フィギュアスケートの全日本選手権男子で、死力を尽くした鍵山優真は、大の字になって銀盤に倒れた。リンクサイドの父、正和コーチはガッツポーズを繰り返し、コストナー・コーチは称賛の拍手をやめない。もがき、苦しみ、ようやくつかんだ初の日本一。最終順位を確認して「やった!」と歓喜する息子を、涙ぐむ父はぐっと抱き寄せた。
SPは首位とはいえ、内容はいまひとつ。最終滑走のフリーは直前の中田が好演で重圧をかけてきた。それでも、日本の新エースは揺らがない。課題だったフリップ、続くサルコーの4回転を鮮やかに決め、4回転―3回転の連続トーループも成功。父から仕込まれた滑らかなスケーティングでも観客を引き込んだ。

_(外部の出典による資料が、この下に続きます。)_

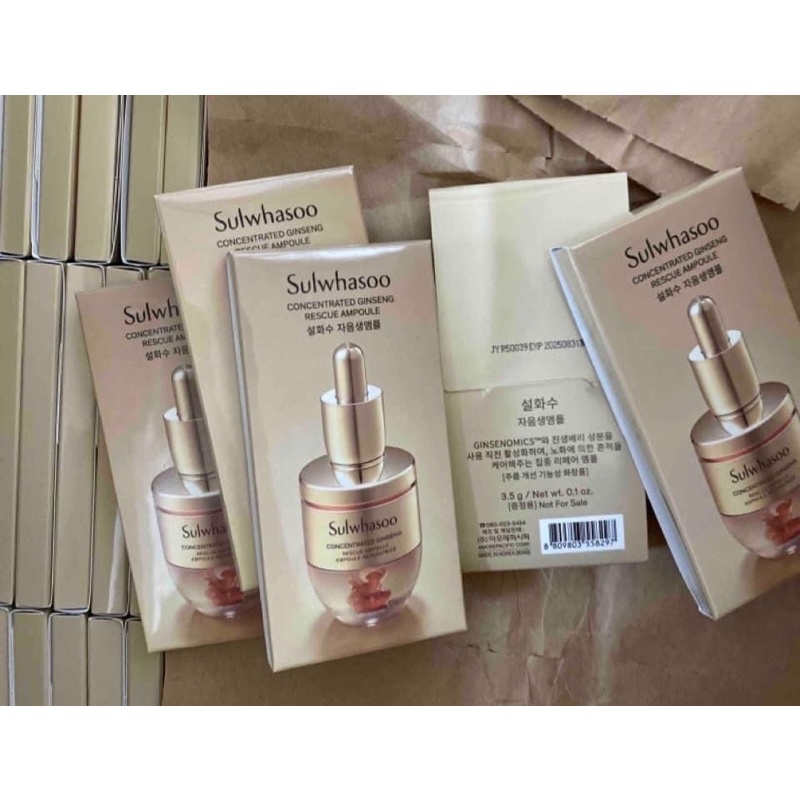 1 gói tinh chất Sulwhasoo nhân sâm cô đặc tái tạo trẻ hoá tăng độ đàn hồi săn chắc cho da sáng khoẻ mịn màng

2連覇していた宇野昌磨が引退し、今季から立場が大きく変わった。「鍵山選手ならやってくれるみたいな感じ」と周囲の期待を背負い、精神的なもろさを露呈することもあった。それでも「1ミリたりとも弱い部分を見せてはいけない」と練習を重ねることで自信を回復。瞑想も取り入れ、弱い自分との決別を図った。